Africa Media Venture (AMVF)  a Dutch-based venture capital firm has raised its stake in a Kenyan restaurant guide website, EatOut, from 25% to 32% for  Kshs17 million ($200,000) in a transaction that values the online portal at Kshs. 220 million.  

Lonrho is selling it's entire stake (11%) in African airline Fastjet. 

Crystal Ventures (owned by the Rwanda Patriotic Front) plan to sell their 20% stake in MTN Rwanda, in an IPO which will make MTN Rwanda the third company listed on the Rwanda Stock Exchange after Bralirwa and Bank of Kigali.
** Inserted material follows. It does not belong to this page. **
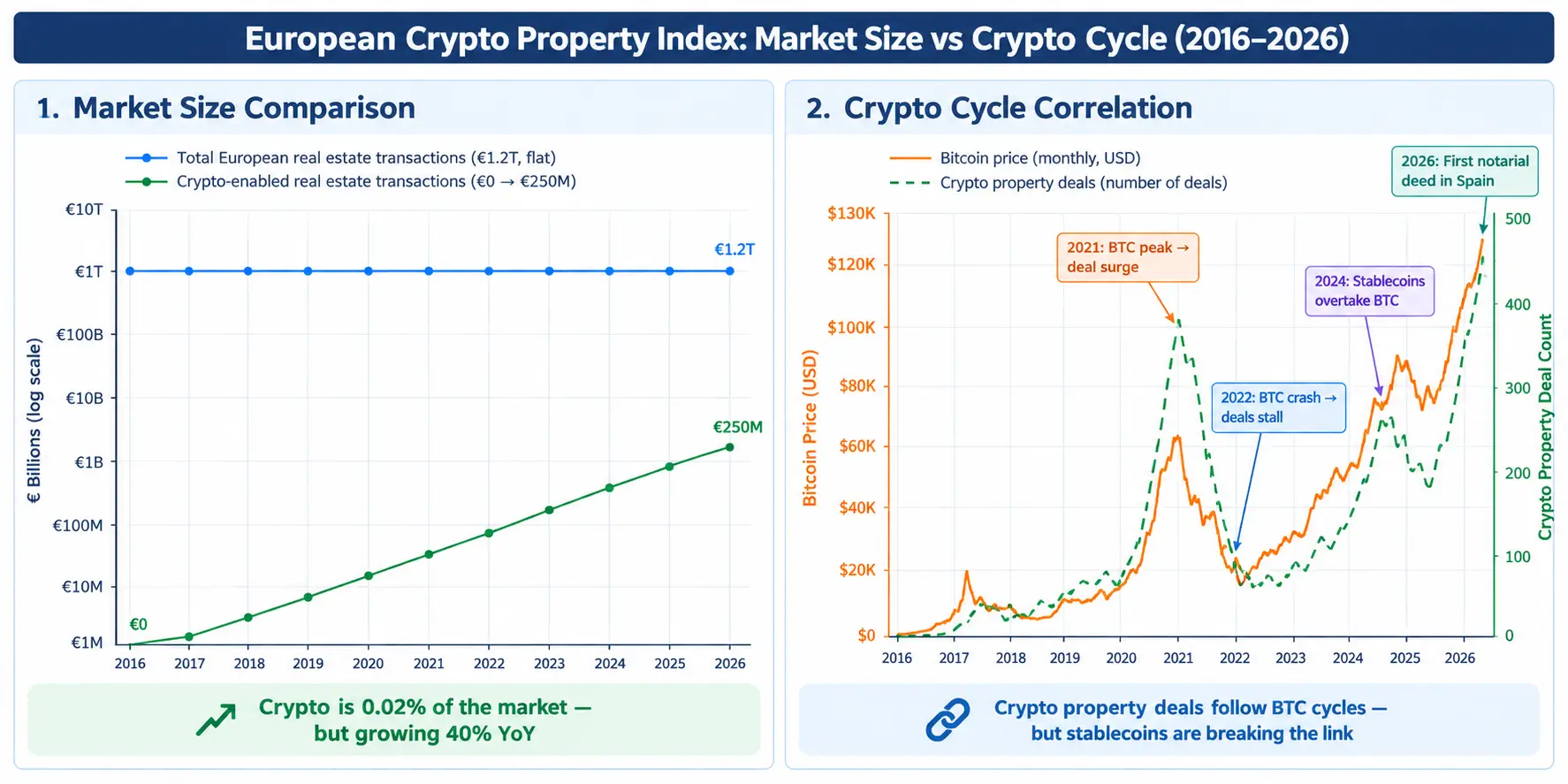 European Crypto Property Index: What 10 years of data revealed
Sameer Investments is buying out 41 million shares that Bridgestone owns in Sameer Africa – after which Sameer will own 159 million shares equivalent to 72% of the company.

Across the border, Tanzania's Precision Air is looking for a government investment, just a year after an IPO which raised $7 million and reduced the shareholding of Kenya Airways from 49% to 35%

Unga Group will acquire Ennsvalley Bakery for Kshs 125M ($1.5 million) and also dispose of shares in Bullpak.
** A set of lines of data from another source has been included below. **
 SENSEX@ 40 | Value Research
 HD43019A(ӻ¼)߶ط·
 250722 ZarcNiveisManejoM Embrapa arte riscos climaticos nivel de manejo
EDIT: Kestrel Capital has arranged a $1.2 million private placementof convertible debentures in Stockport Exploration to local Kenyan qualified investors. Stockport is listed on the Toronto Stock Exchange and has mining interests in Nyanza Kenya where they are exploring along a prolific gold-hosting greenstone belt. Zeph Mbugua, the Chairman of TransCentury, became a director of Stockport in February this year.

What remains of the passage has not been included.